NetPhos3.1 identified 31 phosphorylation sites. In total, 17 Ser residues (23, 41, 76, 97, 109, 116, 211, 214, 264, 391, 404, 488, 564, 570, 573, 664 and 833), 8 Thr residues (59, 69, 298, 390, 473, 558, 568, and 824) and 6 Tyr residues (179, 271, 359, 420, 443 and 840) were identified as potential phosphorylation sites (Fig. 5). The secondary structure prediction of Der f TEF 2 with DNAStar predicted 27 α-helices and 6 β-sheets in the protein (Fig. 5). The subcellular localization of Der f TEF 2 was predicted to be in the plasma membrane and extracellular space (Table II). Moreover, Der f TEF 2 was predicted to be a P-loop-containing nucleoside triphosphate hydrolase, Translation protein family member with G_TR_2 and G_TR_1 peptidase domains (Table III).

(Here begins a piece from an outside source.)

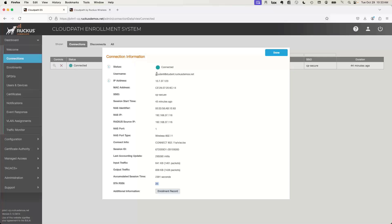If I go over to my wireless controller, I'll see the username there too. Because I've onboarded through CloudPath and assigned policy, the username appears as, for example, the actual username plus a label like @student.ruckusdemos.net that I've configured in CloudPath. So in the controller I can see whether a user is student, faculty, admin, or whatever categories I want. I could break students out by grade level, geographic area, campus, dorm — you can classify these and see them in your controller as well.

BPAP, DNAStar Protean and BepiPred 1.0 were used to predict the B cell epitopes of Der f TEF 2. The hydrophilicity, surface accessibility and flexibility of proteins play an important role in the formation of antigens. When the hydrophilic score is >0, the antigen index is >0 and surface accessibility is >l, an epitope is likely to be formed. Consolidating the predictions of these three tools, 17 potential B cell epitopes were identified on Der f TEF 2 (amino acids 29–35, 55–64, 92–99, 173–200, 259–272, 311–318, 360–365, 388–395, 422–428, 496–502, 512–518, 567–572, 580–586, 602–617, 785–790, 811–817 and 827–836; Fig. 5). The SYFPEITHI, NetMHCII 2.2 server, NetMHCIIpan-3.0 server, Immune Epitope Database and Propred were applied to predict the T cell epitopes of Der f TEF 2. Based on the results of these five immunoinformatics tools, the potential epitopes of Der f TEF 2 were predicted to comprise 14 peptide sequences (amino acids 1–15, 65–79, 120–134, 144–159, 236–250, 275–289, 404–418, 426–440, 463–477, 510–524, 644–658, 684–698, 716–730 and 816–830; Table IV and Fig. 5).